Please forgive the general nature of this question, but I am struggling to find good advice on how to handle this problem.
Assume I have two SQL tables, as follows:
Employees: id, name, department_id
1, 'John', 1
2, 'Mary', 3
3, 'Cathy', 2
4, 'Karen', 1
Departments: id, name
1, 'Sales'
2, 'Admin'
3, 'Shop floor'
When I create a new employee, I would like to allow the user of the application to leave the department blank to begin with. But when I create the database record, I obviously have to supply a
department_id foreign key value. At the moment, I am using
-1, which can never be a legal foreign key.
My problem comes when trying to write the SQL to retrieve all the unique employees with no duplicates.
If I simply use...
SELECT e.id, e.name, d.department FROM Employees e INNER JOIN Departments d ON e.department_id = d.id;
...then I don't get any of the new employees (i.e. the ones who have not yet been assigned a department).

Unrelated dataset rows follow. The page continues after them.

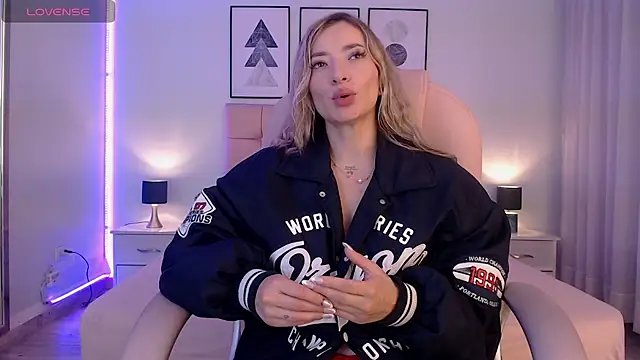 zoe jones13 online show from 03-19-25, 10:00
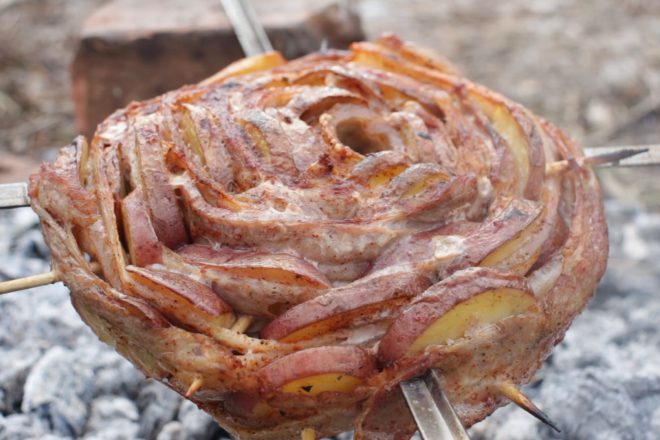 Картофель со свиной грудинкой в фольге на углях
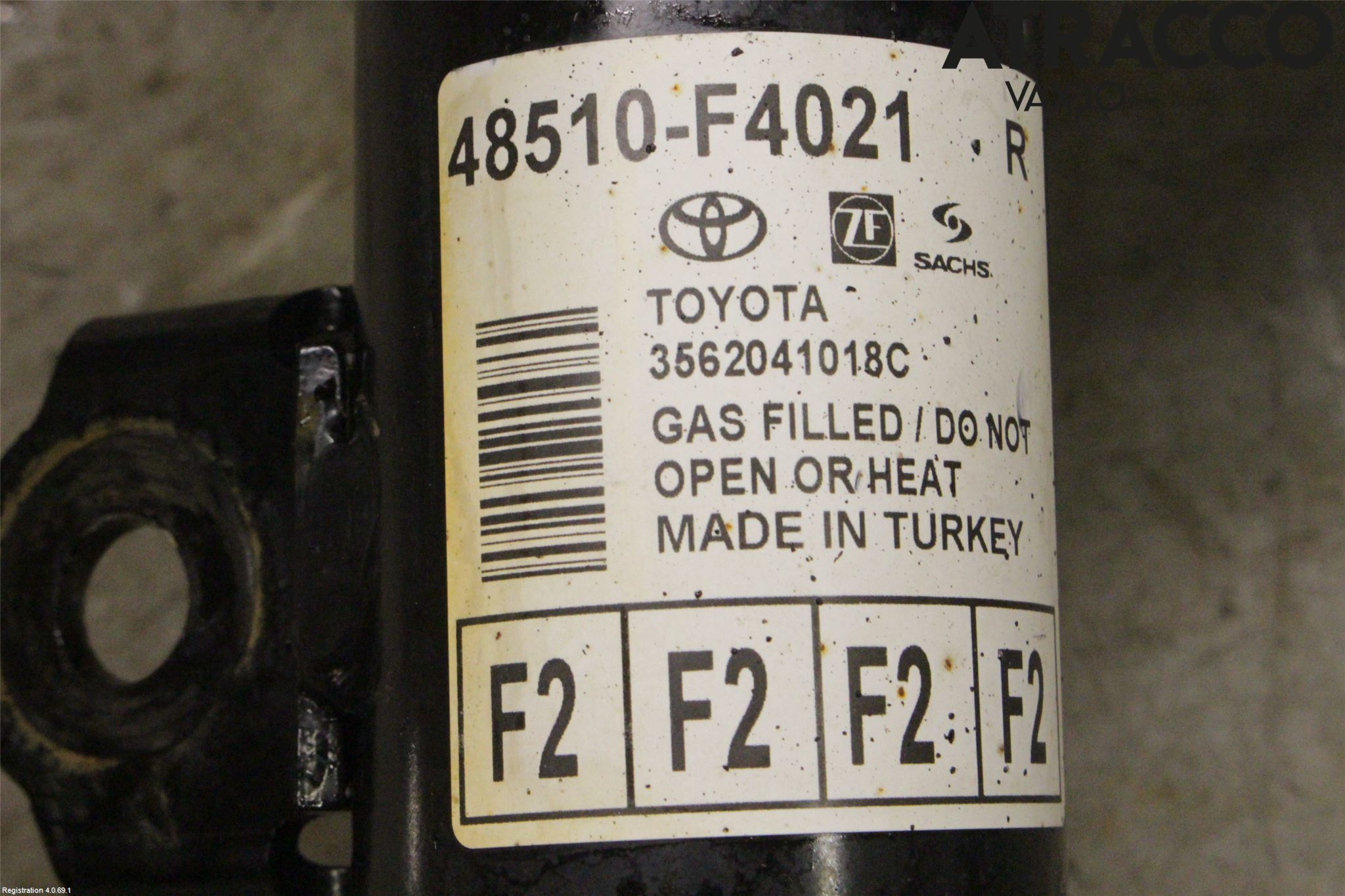 Toyota C-HR 16-23 Fjäderben Fram Höger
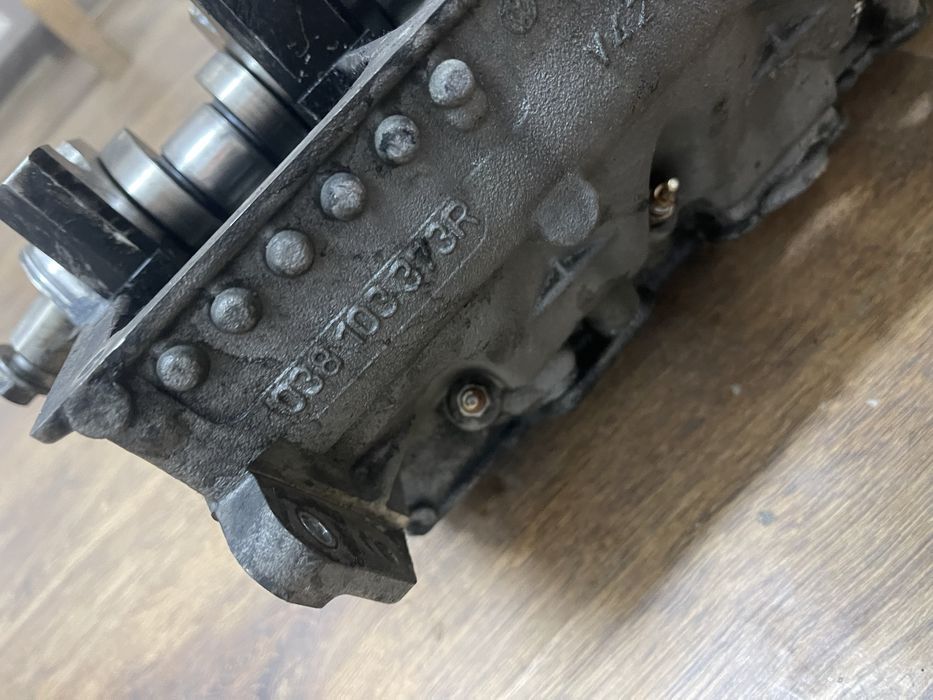 Chiluoasa completa ax came Golf 5 1.9 BLS BKC BJB Passat B6 038103373R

This means the user of the application can't access these new employees and put them in a department.
If on the other hand, I use...
SELECT e.id, e.name, d.department FROM Employees e INNER JOIN Departments d ON e.department_id = d.id OR e.department_id = -1;
...I get lots of duplicate records because every employee with no department is included in the result once for each department.
I would really appreciate some advice on how best to tackle this.
What I have tried:
I have tried adding a dummy department as the first record and assigning new employees to that, but then I have to filter this out from the UI when I am doing things like presenting a list of departments, which seems less than ideal.